Doch Highlight und Zielpunkt des Tages ist Kloster Loccum. Die nette Dame an der Klosterpforte drückt mir den Schlüssel fürs Pilgerhaus in die Hand. Zum ersten Mal treffe ich einen Mitpilger, einen älteren Herrn, der von hier aus nach Volkenroda in Thüringen laufen will. Allerdings ist er nicht sehr kommunikativ, bleibt auf seinem Zimmer. Auch der Ort Loccum hat nicht viel zu bieten außer Discounter und Imbiss, aber zum Einkaufen und Abendessen reicht’s.
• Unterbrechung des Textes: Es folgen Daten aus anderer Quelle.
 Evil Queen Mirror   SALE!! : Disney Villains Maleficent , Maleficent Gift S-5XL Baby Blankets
Am nächsten Tag geht’s an die Weser. In Heimsen spaziere ich zum ersten Mal an den Flussauen entlang. Kurioserweise gibt es in Heimsen ein Heringsfängermuseum, obwohl in der Weser gar keine Heringe schwimmen. Aber zu napoleonischer Zeit sind die Männer wohl von hier nach Holland gezogen, um ihr Geld mit dem Heringsfang in der Nordsee zu verdienen.

Dann kommt das Thema Schlüsselburg in diversen Variationen: Zuerst passiere ich das Rittergut Schlüsselburg mit Hofladen und historischen Landmaschinen, dann laufe ich über das Wehr Schlüsselburg, und schließlich in den Ort Schlüsselburg hinein. Ich logiere im Alten Pfarrhaus und von meinem Zimmerfenster aus kann ich sogar die Störche im Nest auf dem Gutshaus sehen!
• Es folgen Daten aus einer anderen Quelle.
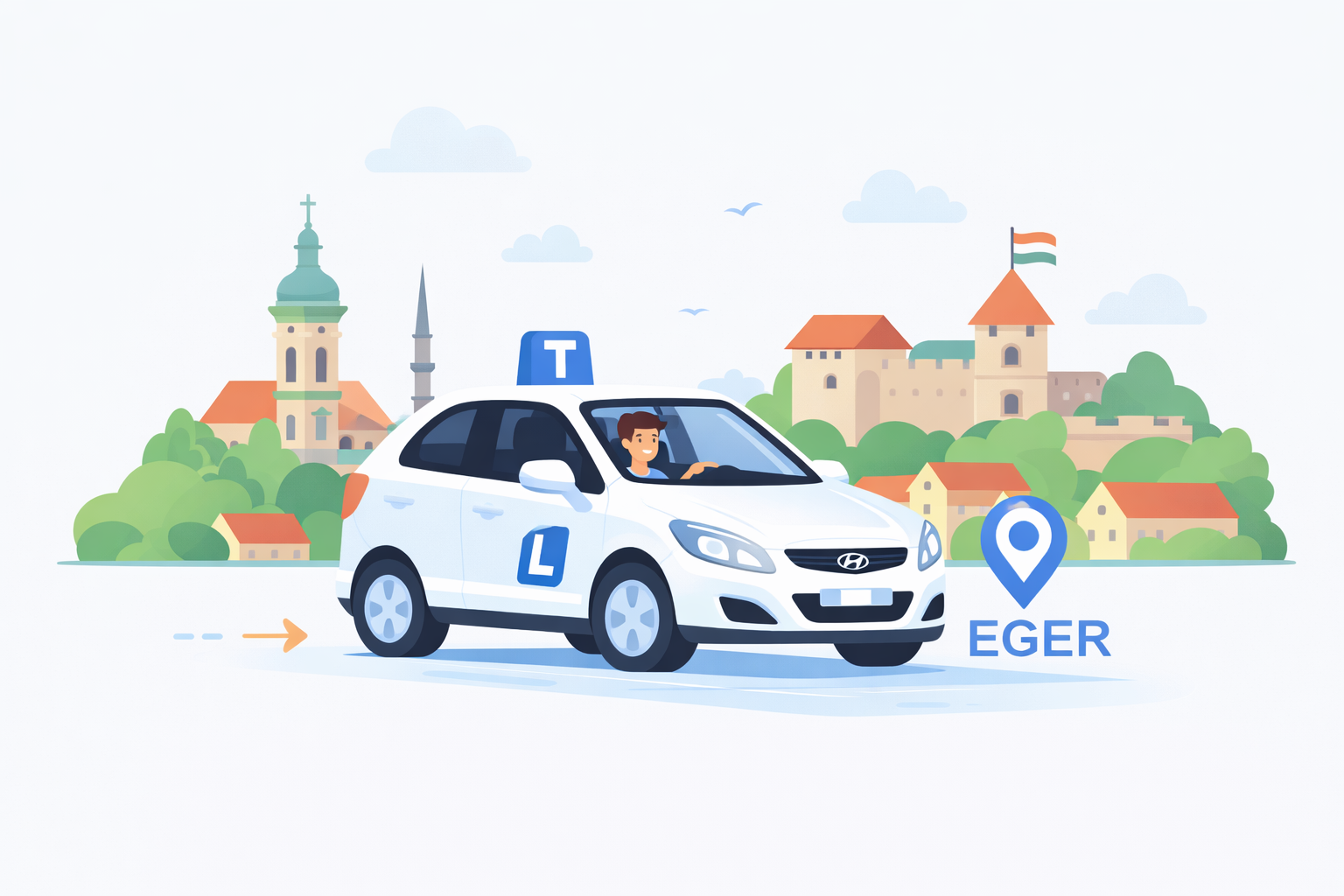 Eger – tanulóvezetés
Aber auch sonst ist der Ort ein Knaller. Viele alte Backstein- und Fachwerkhäuser, die liebevoll instand gehalten und bewohnt werden. Und dann natürlich das historische Scheunenviertel; eine Ansammlung alter Hofscheunen, die scheinbar wahllos auf einem kleinen Fleckchen außerhalb des Dorfes stehen. Natürlich hat das einen Grund: Aus Platzmangel im Ort und vermutlich auch Überschwemmungs- und Brandgefahrt wurden sie ausgelagert. Doch auch heute noch sind sie in ihrem Ursprung erhalten – echt sehenswert!

Am nächsten Tag nehme ich Kurs auf Minden, dem Endpunkt des Sigwardswegs. Allerdings verlasse ich zu großen Teilen den Originalweg – bei unbeschattetem Gelände und über 30 Grad lässt die Pilgermotivation arg nach. So kürze ich schon gleich morgens über den Weserdamm ab, schenke mir die eine oder andere Kirche, und nehme den direktesten Weg nach Petershagen. Dennoch erlebe ich die Weserauen in Gänze. Sie dienen heute zu großen Teilen als Vogelschutzgebiet, was an besonderen Beobachtungspunkten zugänglich gemacht wird.

Doch das Oberziel heute heißt ankommen – darum verweile ich nirgendwo allzu lange. Eine ausgiebige Rast gönne ich mir erst in Petershagen um die Mittagszeit. Im Biergarten vom „Alten Amtsgericht“ genehmige ich mir ein kühles Getränk und lasse mir die Zellen des ehemaligen Gefängnistrakts zeigen, in denen man heute übernachten kann. Stichwort: Rast im Knast. Auch begutachte ich zum letzten Mal ein Storchennest. Abschied vom Storchenland. Danach nehme ich den Bus nach Minden.

Fazit nach dem Pilgern auf dem Sigwardsweg:

Wieder habe ich ein paar „Perlen“ meiner Heimat entdeckt: die Sigwardskirche, Bad Rehberg, Loccum, Schlüsselburg. Und ich nehme das Wasser mit, die Weite und die Auen.